Task item: Output the lines from the one holding "[AURORA]2.0 Carat Scintillating" to the end of the entries that follow, exactly and only those, minus any pictures.

Available data:
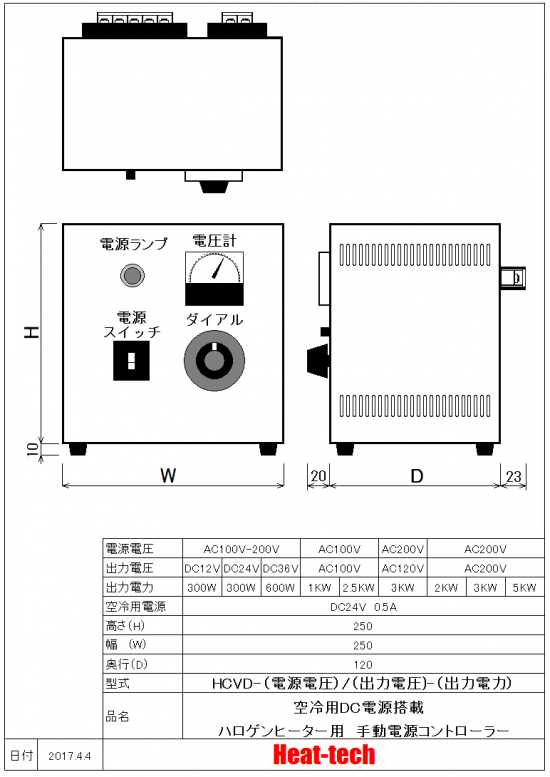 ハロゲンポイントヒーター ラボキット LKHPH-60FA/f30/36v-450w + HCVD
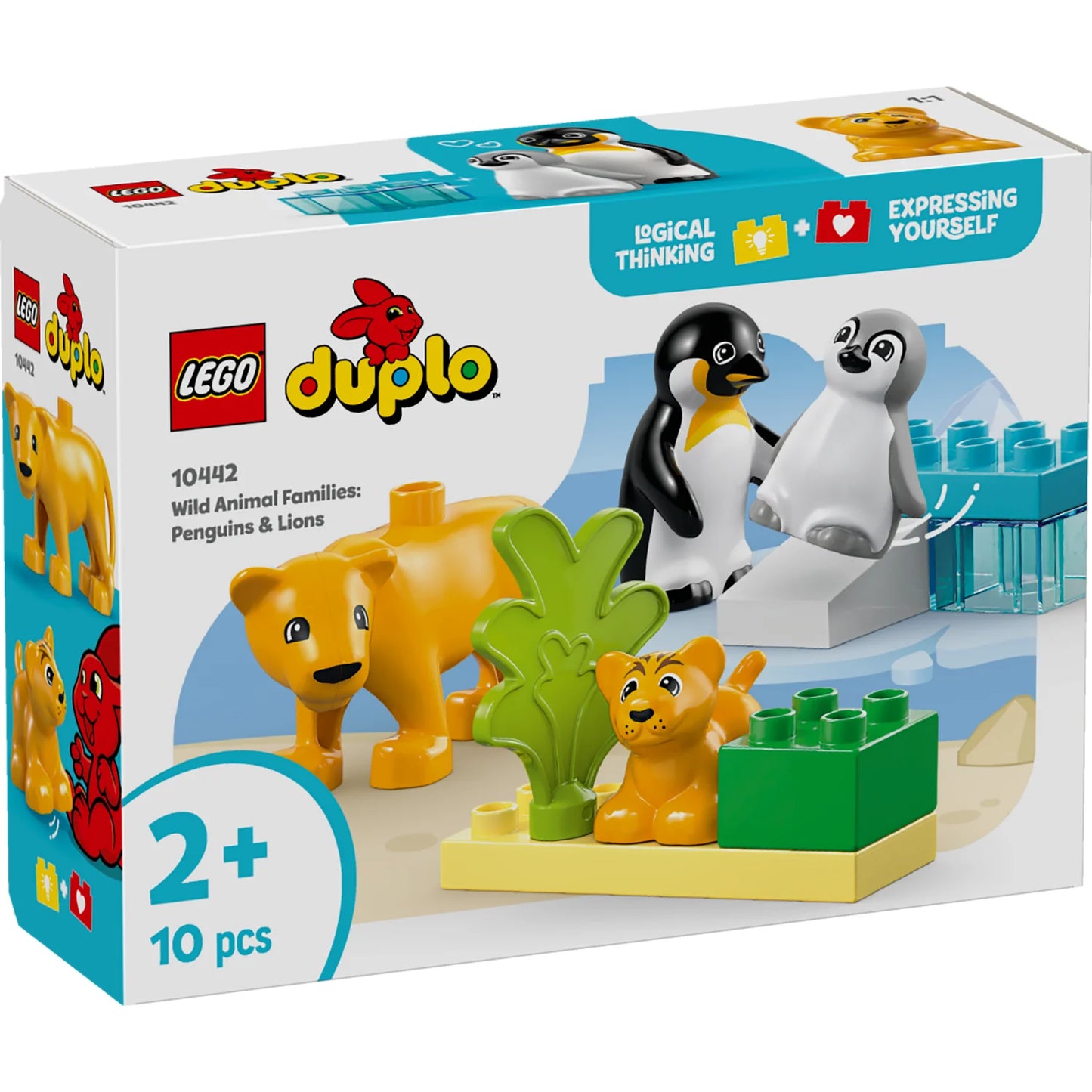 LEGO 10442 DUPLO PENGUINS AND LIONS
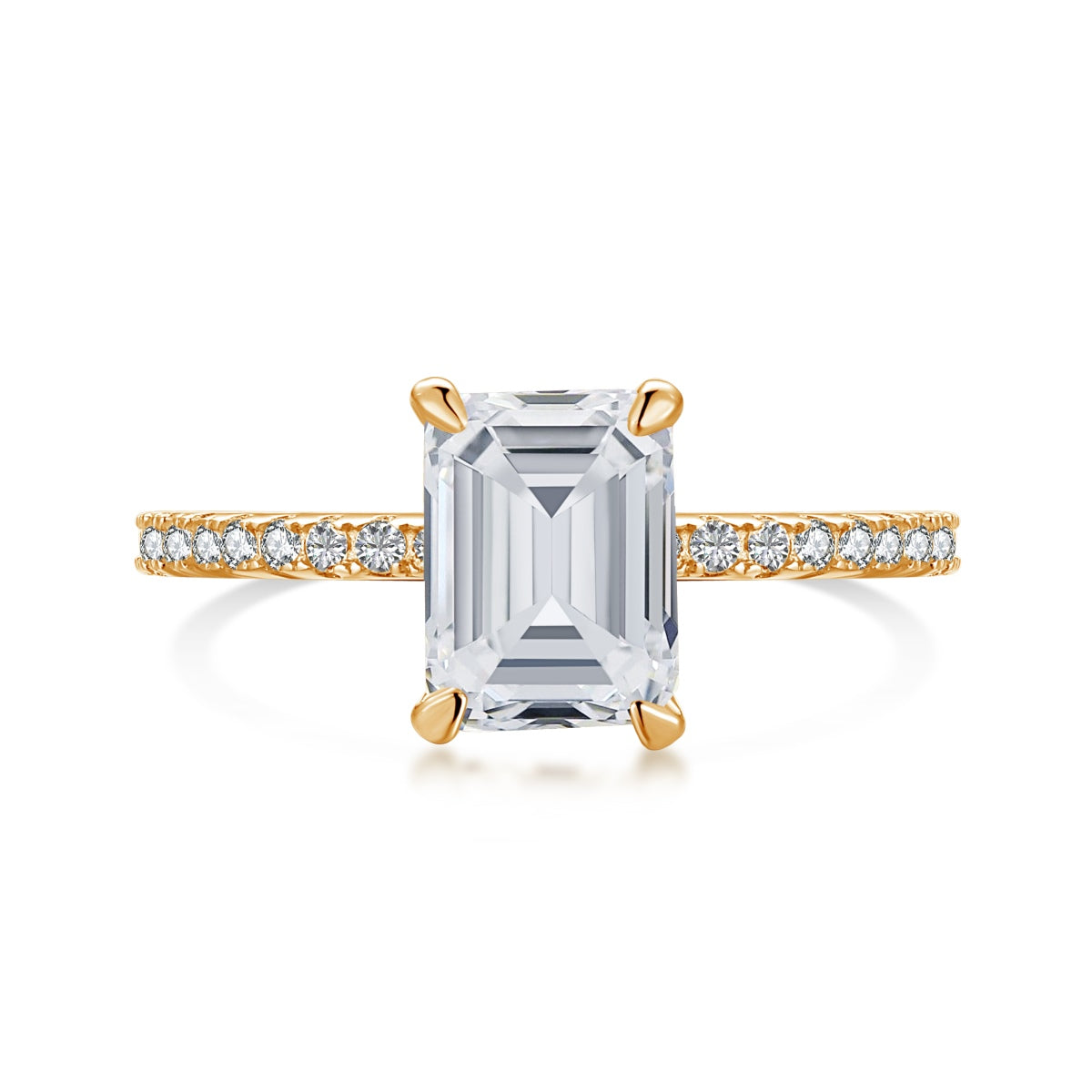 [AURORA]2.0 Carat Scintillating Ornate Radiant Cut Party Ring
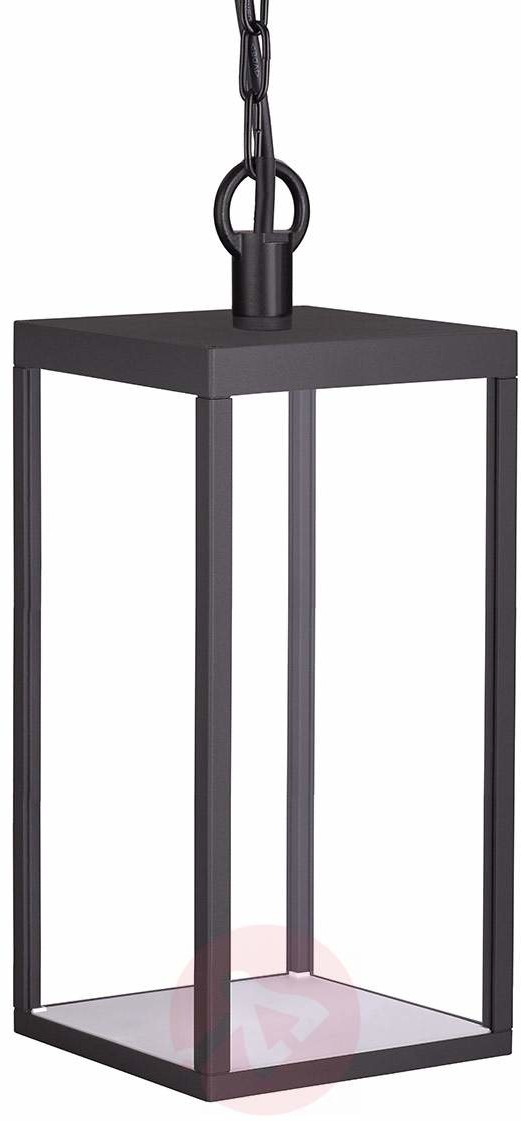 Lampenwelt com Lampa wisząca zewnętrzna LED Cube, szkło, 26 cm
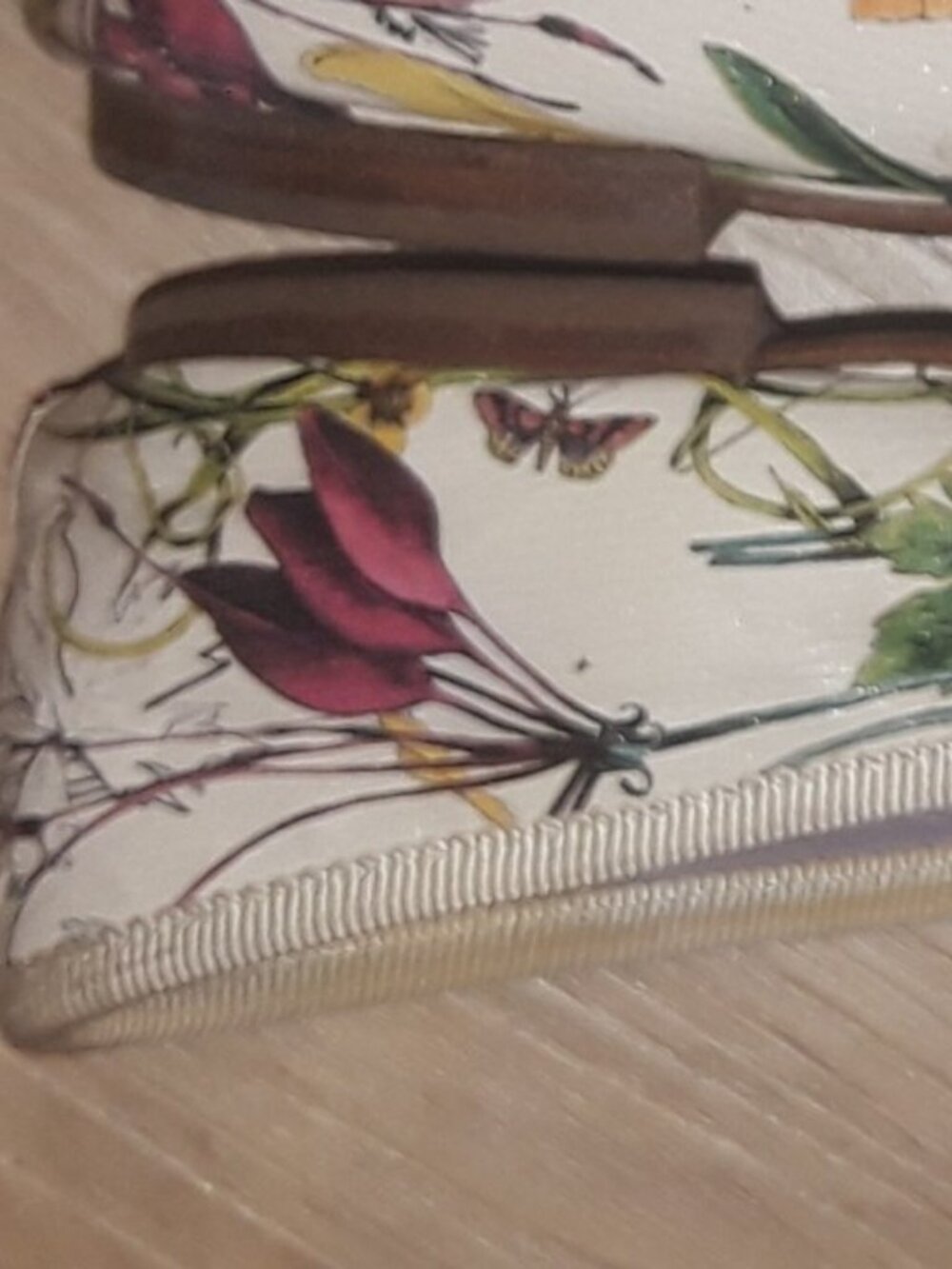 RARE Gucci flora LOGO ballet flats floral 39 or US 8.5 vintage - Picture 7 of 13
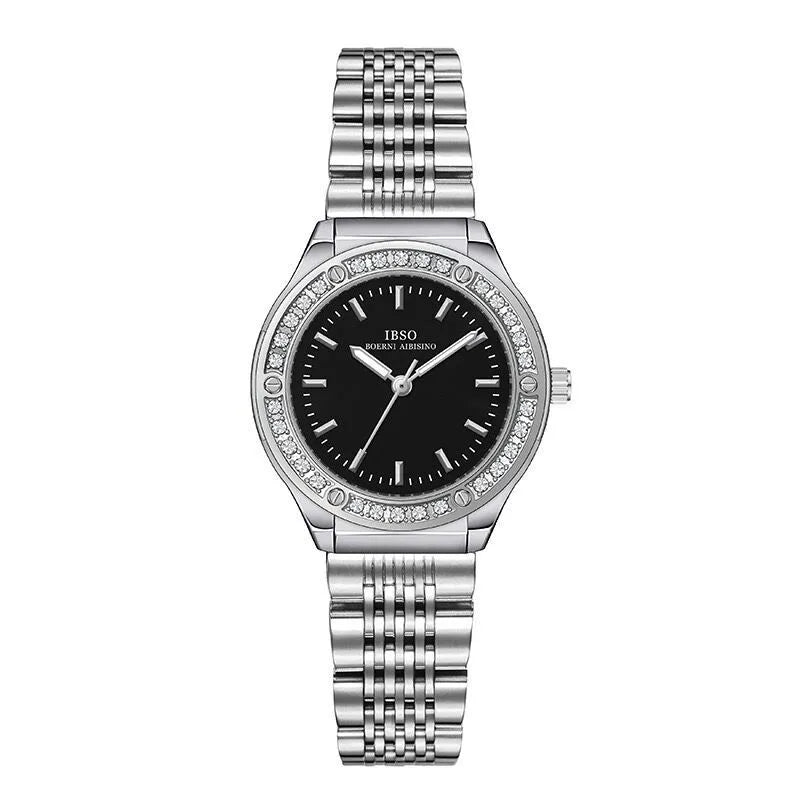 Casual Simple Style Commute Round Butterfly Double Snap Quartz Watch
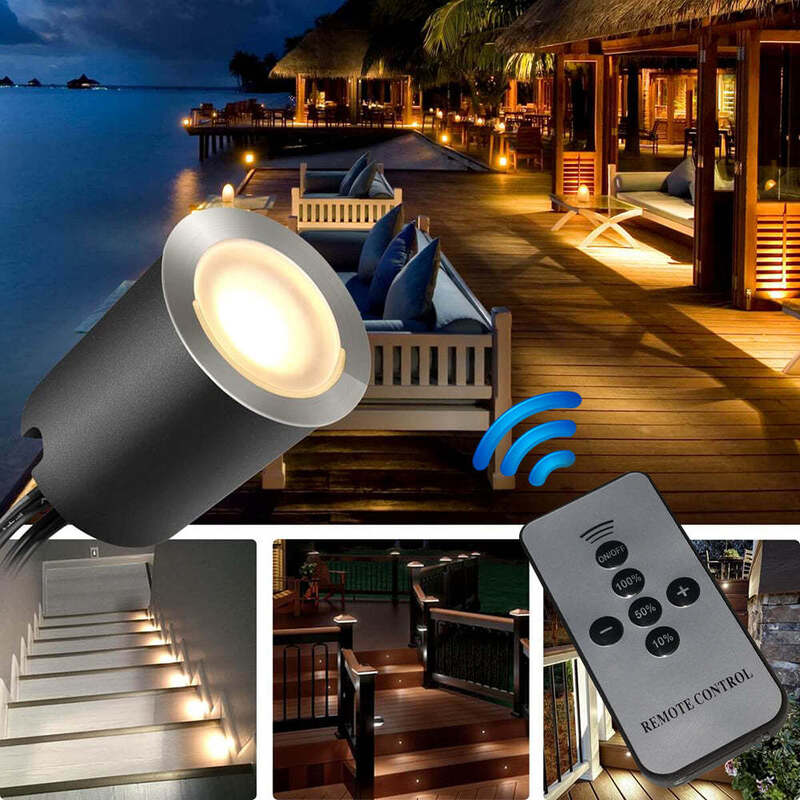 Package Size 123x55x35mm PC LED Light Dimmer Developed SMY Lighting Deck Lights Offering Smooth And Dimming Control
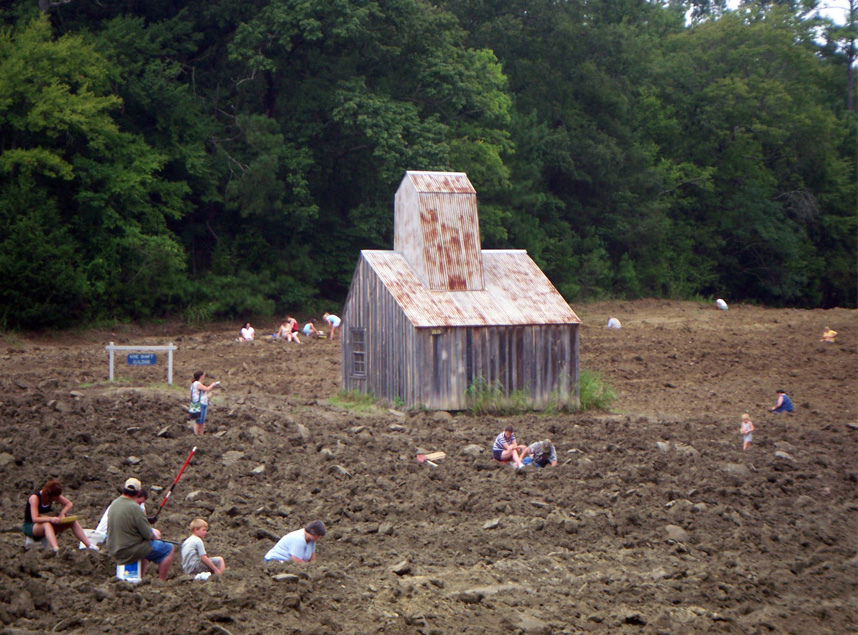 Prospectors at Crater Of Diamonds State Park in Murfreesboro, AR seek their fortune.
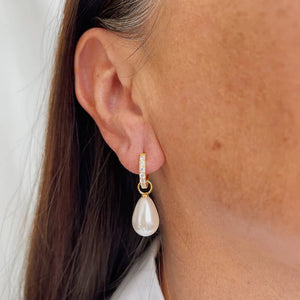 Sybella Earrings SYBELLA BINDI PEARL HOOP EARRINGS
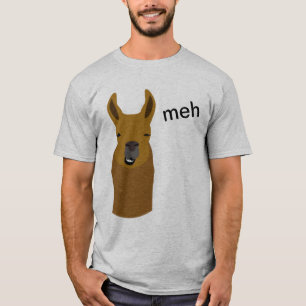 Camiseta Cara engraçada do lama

Task output:
 [AURORA]2.0 Carat Scintillating Ornate Radiant Cut Party Ring
 Lampenwelt com Lampa wisząca zewnętrzna LED Cube, szkło, 26 cm
 RARE Gucci flora LOGO ballet flats floral 39 or US 8.5 vintage - Picture 7 of 13
 Casual Simple Style Commute Round Butterfly Double Snap Quartz Watch
 Package Size 123x55x35mm PC LED Light Dimmer Developed SMY Lighting Deck Lights Offering Smooth And Dimming Control
 Prospectors at Crater Of Diamonds State Park in Murfreesboro, AR seek their fortune.
 Sybella Earrings SYBELLA BINDI PEARL HOOP EARRINGS
 Camiseta Cara engraçada do lama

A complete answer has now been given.